Short descriptive text snippets:
==============================
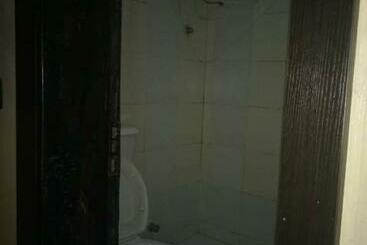 هتل Winstons Place
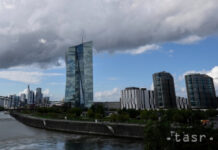 Analytici: ECB opäť zvýšila sadzby, hypotéky postupne zdražia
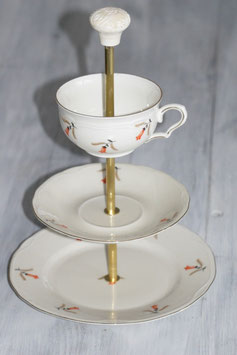 Etagère mit orangen Blümchen, Nr. 8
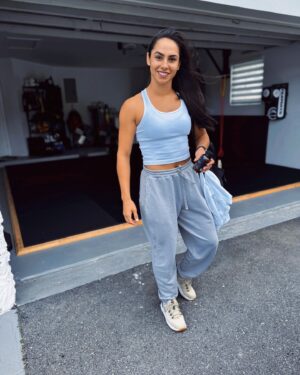 Ariane Lipski Instagram - On my way to another S&C session but I can’t forget my NMN 😉

I can only take the best, most trusted supplements. 
That’s why I use NMN from @genetic_labs_aus 

➡️ It helps my muscles repair faster and keeps me at my peak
==============================
* Exercise aim: Start at the line holding "Etagère mit orangen Blümchen, Nr. 8" and stop at the last line of the entries above. Repeat those lines exactly, pictures excluded.

* Solution to this problem:
 Etagère mit orangen Blümchen, Nr. 8
 Ariane Lipski Instagram - On my way to another S&C session but I can’t forget my NMN 😉

I can only take the best, most trusted supplements. 
That’s why I use NMN from @genetic_labs_aus 

➡️ It helps my muscles repair faster and keeps me at my peak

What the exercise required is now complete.